BEGIN INPUT RECORDS

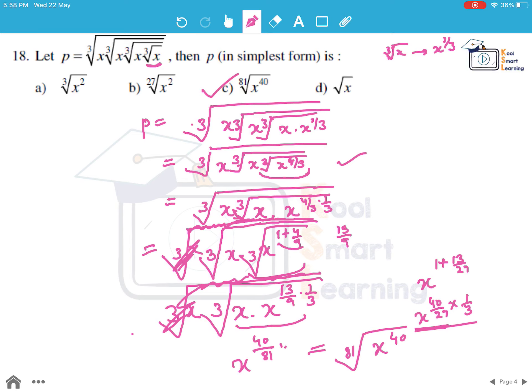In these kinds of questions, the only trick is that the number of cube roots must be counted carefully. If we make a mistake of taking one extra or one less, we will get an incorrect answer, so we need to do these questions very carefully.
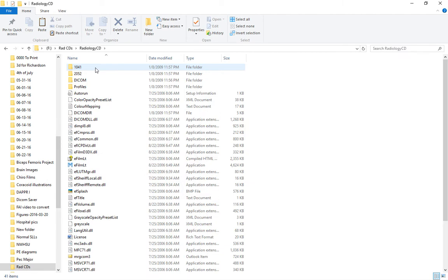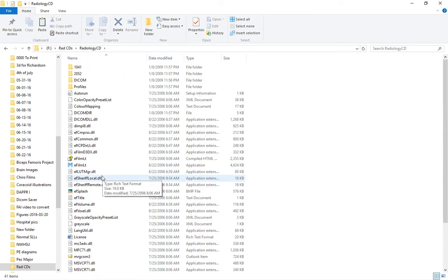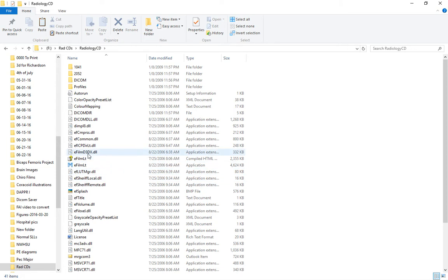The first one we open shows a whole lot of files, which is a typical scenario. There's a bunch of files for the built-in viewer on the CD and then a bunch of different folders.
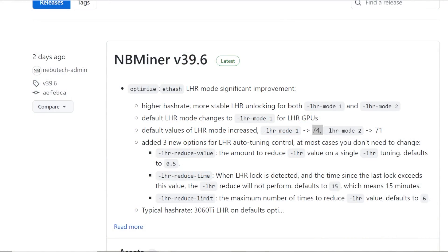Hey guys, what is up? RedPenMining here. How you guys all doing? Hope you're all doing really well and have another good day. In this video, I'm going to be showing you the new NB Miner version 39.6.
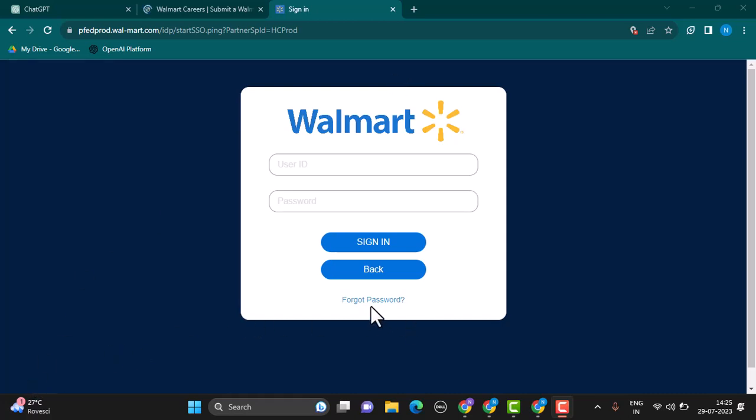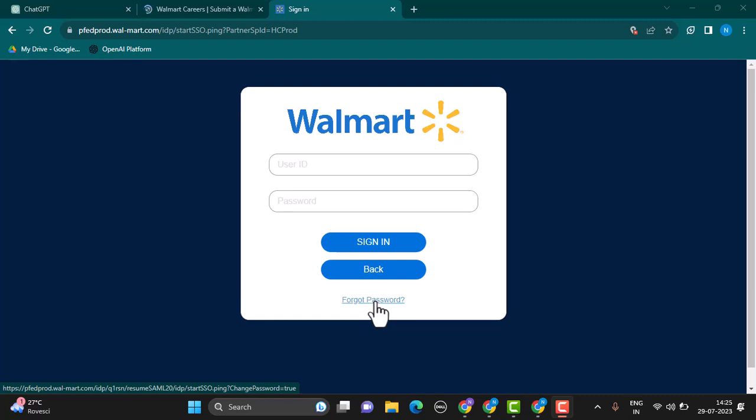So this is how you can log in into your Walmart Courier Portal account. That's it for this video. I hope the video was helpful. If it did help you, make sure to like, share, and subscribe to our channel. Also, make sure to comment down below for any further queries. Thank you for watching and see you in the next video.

END INPUT RECORDS
BEGIN INPUT RECORDS

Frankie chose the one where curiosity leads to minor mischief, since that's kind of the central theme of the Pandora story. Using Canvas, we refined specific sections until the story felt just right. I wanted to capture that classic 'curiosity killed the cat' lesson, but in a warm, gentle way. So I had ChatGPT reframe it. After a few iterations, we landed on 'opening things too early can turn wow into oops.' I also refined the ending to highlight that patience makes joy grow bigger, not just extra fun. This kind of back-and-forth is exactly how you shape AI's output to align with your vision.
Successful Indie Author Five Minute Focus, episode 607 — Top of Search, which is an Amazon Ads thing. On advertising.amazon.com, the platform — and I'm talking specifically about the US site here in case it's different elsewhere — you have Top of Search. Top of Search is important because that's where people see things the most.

END INPUT RECORDS

▶ **WHAT YOU NEED TO DO**
All that is wanted is the lines above between the one containing "Hey guys, what" and the one containing "So this is how", inclusive, restated word for word, with pictures omitted.

▶ **OUTPUT**
Hey guys, what is up? RedPenMining here. How you guys all doing? Hope you're all doing really well and have another good day. In this video, I'm going to be showing you the new NB Miner version 39.6.
So this is how you can log in into your Walmart Courier Portal account. That's it for this video. I hope the video was helpful. If it did help you, make sure to like, share, and subscribe to our channel. Also, make sure to comment down below for any further queries. Thank you for watching and see you in the next video.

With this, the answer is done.